REQUIRED ACTION → Give the listing again in full and exactly, apart from its pictures.

STORED DATA →
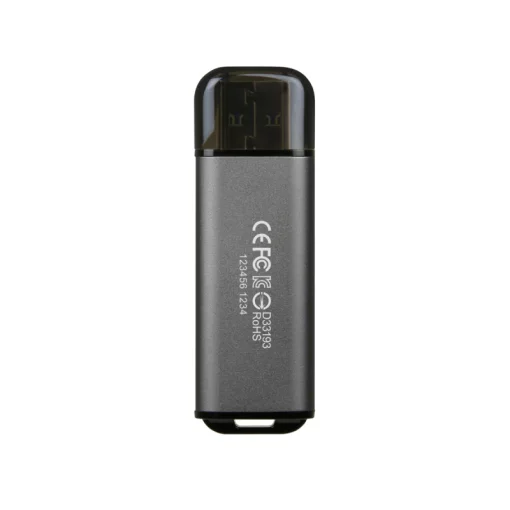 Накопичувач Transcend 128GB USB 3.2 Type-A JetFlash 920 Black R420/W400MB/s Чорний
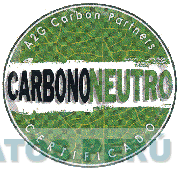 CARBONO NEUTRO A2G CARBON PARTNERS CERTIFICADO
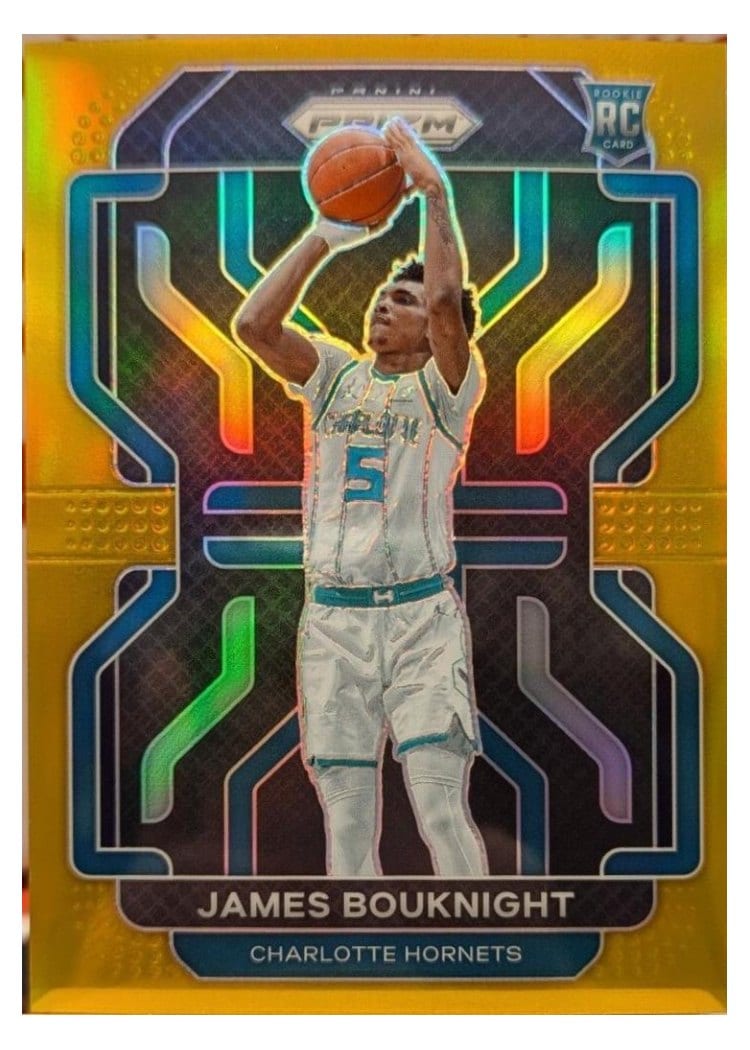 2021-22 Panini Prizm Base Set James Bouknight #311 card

OUTPUT FOR THIS EXERCISE →
 Накопичувач Transcend 128GB USB 3.2 Type-A JetFlash 920 Black R420/W400MB/s Чорний
 CARBONO NEUTRO A2G CARBON PARTNERS CERTIFICADO
 2021-22 Panini Prizm Base Set James Bouknight #311 card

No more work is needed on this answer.